Muitas outras mídias criticaram a Veja São Paulo por escolher retratar a história de uma jovem – loira, de olhos verdes, 1,79m de altura e beleza indiscutível – em meio a tantos outros jovens com problemas decorrentes do uso de crack. A reportagem de Ricardo Senra, BBC de SP, merece destaque: traz a opinião de Tina Galvão (71 anos), assistente social, que trabalha diretamente com os usuários de crack, e dados importantes sobre a (in)eficácia do modelo tratamento por internação compulsória. Entre os comentários que Tina Galvão faz sobre os problemas gerados pela Veja, ao escolher fazer a reportagem sobre alguém cuja beleza atende aos padrões midiáticos, em detrimento dos demais usuários, a assistente social traduz a falência de um modelo de tratamento que elide: deliberação, e paciente. Usando termos que não poderiam ser mais diretos, talvez pela aproximação engajada com aqueles a quem Tina Galvão atende, ela declara: “Quem ‘pita’ é que apita.” “Quando [a opção pelo tratamento] não parte do usuário, a droga costuma vencer” Tina Galvão.
A reportagem da BBC ainda complementa a constatação acima com resultados de uma pesquisa feita pela Fundação Oswaldo Cruz com usuários de crack de todos os estados do país e no Distrito Federal, endossando a opinião de Tina. O estudo, divulgado neste ano, indica que menos de 5% dos entrevistados completam seus tratamentos contra a dependência.
Tratamento de dependentes
A ideia governamental de internação compulsória demonstra-se falha pela própria ineficácia. O que será que justifica um investimento financeiro público tão alto num tratamento de resultado tão insuficiente em termos estatísticos?
A promessa de um tratamento de resultado rápido se mantém?
A demanda imediatista, todos sabemos, se formulou na cidade de São Paulo pela intenção de desocupar o Centro Velho que, em meados de 2011, tornou-se área de especulação imobiliária.
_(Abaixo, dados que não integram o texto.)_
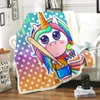 Söt Rainbow Horse Unicorn 3D Digital Print Blanket med förtjockande tecknade pojkar och tjejer Julklappar med fleece filtar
Como se Michel Foucault (1926-1989), filósofo francês, não tivesse discutido em vasta bibliografia as relações de poder para o fortalecimento do corpo social em detrimento dos donos dos corpos disciplinados: os proponentes da internação compulsória parecem desprezar a existência de um conhecimento consagrado mundialmente há mais de cinquenta anos acerca da biopolítica. Talvez outros interesses estejam sobrepostos aos Direitos Humanos na decisão pela internação compulsória.
De boas intenções o inferno está cheio.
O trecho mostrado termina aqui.